Укрепление централизованной власти в первой половине XVI в. имело следствием осуждение рецидивов «дикого правосудия» и противодействие им. Идеологи абсолютизма рассматривали личную месть во всех ее проявлениях (например, дуэль) как угрозу устоям государства. Дуэлянтам инкриминировалось неуважение к закону, а всякое «нерегламентированное» убийство с заранее обдуманным намерением, имевшее целью отомстить за нанесенную обиду без посредничества закона, рассматривалось как тягчайшее преступление {T. Birch. The Court and Times of James I, vol. I. London, 1848, pp. 265-266.}. Официальную точку зрения на прерогативу власти выразил Френсис Бэкон, заявивший по поводу одного дела о дуэли в 1615 г.: «…когда месть исторгается из рук судьи вопреки божьей заповеди mihi vindicta, ego retribuam {мне отмщение, и аз воздам (лат.).}, и каждый обнажает меч не для защиты, но для нападения, частные же граждане начинают воображать себя облеченными законами карать кого бы то ни было за свои обиды, тогда никто не может предвидеть опасности и затруднений, какие могут возникнуть и умножиться… Спорщики могут объединиться в банды… произойдут волнения и мятежи, которые приведут к расторжению семей и союзов и более того — к гражданской войне» {«A Complete Collection of State Trials from the Earliest Period to the Year 1783», T. Howell (Ed.), vol. II. London, 1816, p. 1032.}. Бэкон аргументировал здесь прерогативу монарха быть единственным арбитром во всякого рода конфликтах. Из его доводов следует, что личная месть уже рассматривалась как пережиток феодальных времен и подвергалась суровому осуждению. Церковь не замедлила встать на сторону государства. Древний библейский закон Моисея, поощрявший кровную месть, теперь либо замалчивался, либо истолковывался по-иному, в духе новых веяний. Основным аргументом церкви было приведенное Бэконом библейское изречение «мне отмщение, и аз воздам». В 1612 г. епископ Холл предрекал двойную гибель — души и тела тем, кто ослушается божьей заповеди {«Works of Bishop Hall», vol. V. P. Wynter (Ed.). Oxford, 1863, p. 76.}.
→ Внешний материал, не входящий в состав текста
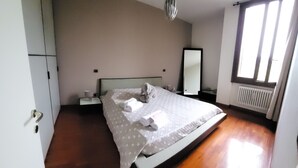 A bedroom with a bed, a nightstand, a mirror, and a window.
Однако сильное противодействие государства и церкви практике личной мести не приводило к сколько-нибудь заметному сокращению числа кровавых инцидентов. Например, количество дуэлей и преступлений, совершенных из мести, резко возросло к концу царствования Елизаветы и в первые годы после восшествия на престол короля Иакова. Многочисленные дворцовые заговоры, борьба между католиками и протестантами и народные волнения воскрешали в памяти трагическую эпоху междоусобных войн прошлого столетия и более близкое по времени правление королевы Марии Кровавой; во всех слоях общества зрела неудовлетворенность своим состоянием, росла неуверенность в завтрашнем дне. Монархия, напрягавшая все силы в борьбе с пуританским парламентом, уже не могла совладать с обострившимся кризисным положением в стране.

Вместе с королем Иаковом в Англию хлынул поток шотландцев, сохранивших во многом обычаи феодальной старины, уже пришедшие в упадок или совсем исчезнувшие в Англии. Непрерывно возникали конфликты между новоприбывшей шотландской знатью и английским дворянством {«The Autobiography and Correspondence of Sir Simonds d’Ewes», vol. II. London, 1845, p. 324.}. Весьма часто личная месть носила резко выраженный классовый характер. Слуги мстили хозяевам за дурное обращение; крестьяне расправлялись с огораживателями-лендлордами, сознавая тщетность апелляции к суду.

Вскоре после разгрома испанской Армады в 1588 г. закончился период кратковременного единения различных общественных слоев, сплотившихся в патриотическом порыве, чтобы отразить иноземное нашествие. Кризис абсолютизма нашел выражение и в критике официальных догм с различных классовых позиций. Проблема нравственности акта личной мести была в силу указанных выше причин одной из тех насущных проблем, вокруг которых велись острые споры. Широкий диапазон суждений, представленных в различных исторических источниках, позволяет по крайней мере сделать вывод о том, что общественное мнение не склонно было огульно осуждать личную месть, но усматривало различия, с одной стороны, между способами мщения, а с другой, мотивами к нему.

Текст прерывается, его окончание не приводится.